Question soumise le 30 janvier 2018

Mme Josette Manin attire l'attention de M. le ministre de l'agriculture et de l'alimentation sur les problématiques liées à la chlordécone dans l'agriculture dans les Antilles françaises. Pesticide utilisé intensivement dans les bananeraies pendant plus de 20 ans en Guadeloupe et en Martinique, elle a empoisonné durablement les sols, les rivières et les espaces marins de ces deux territoires.
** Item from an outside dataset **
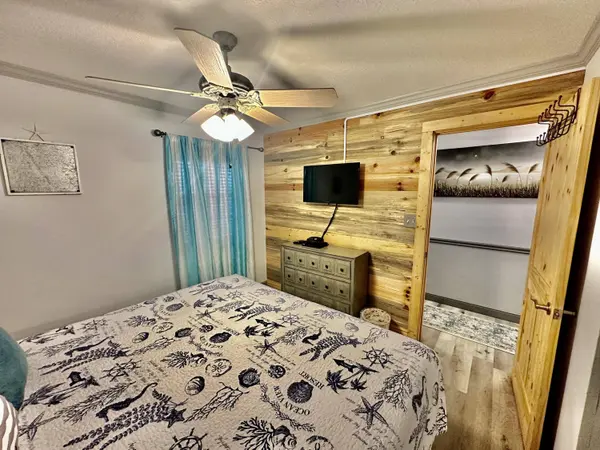 2830 Scenic Gulf DR #UNIT 215, Miramar Beach, FL 32550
Plusieurs études démontrent que ce produit provoque des cancers de la prostate, des naissances prématurées, des maladies touchant des personnes âgées - dans des territoires qui connaissent un vieillissement démographique accéléré - et bien d'autres maladies. Cependant, fin 2017, l'Agence nationale de sécurité sanitaire de l'alimentation, de l'environnement et du travail (ANSES) a considéré « peu pertinent un abaissement des limites maximales de résidus de la chlordécone » dans la viande et la volaille. Elle a estimé que ce sont les produits des circuits informels qui sont responsables de la présence du fort taux de chlordécone dans l'alimentation. Cela interpelle plusieurs administrés qui ont visionné un reportage de Martinique 1ère, le 16 janvier 2018. Celui-ci révèle que 92 % des personnes testées en Martinique sont contaminées par ce produit et 19 % des enfants testés dépassent la dose toxique. Les éléments provenaient de l'enquête Kannari - lancée en 2011 et dont l'ANSES est une des parties prenantes. Alors comment expliquer le lien entre la contamination à la chlordécone et le circuit informel d'alimentation ? Malheureusement, cette étude, terminée depuis un an et demi, n'est pas accessible au public dans son entièreté. Elle lui demande s'il peut prendre les dispositions nécessaires afin que tous les éléments et résultats de cette enquête soit accessibles. Cela permettrait à la responsabilité nationale de faire la lumière sur toute cette affaire.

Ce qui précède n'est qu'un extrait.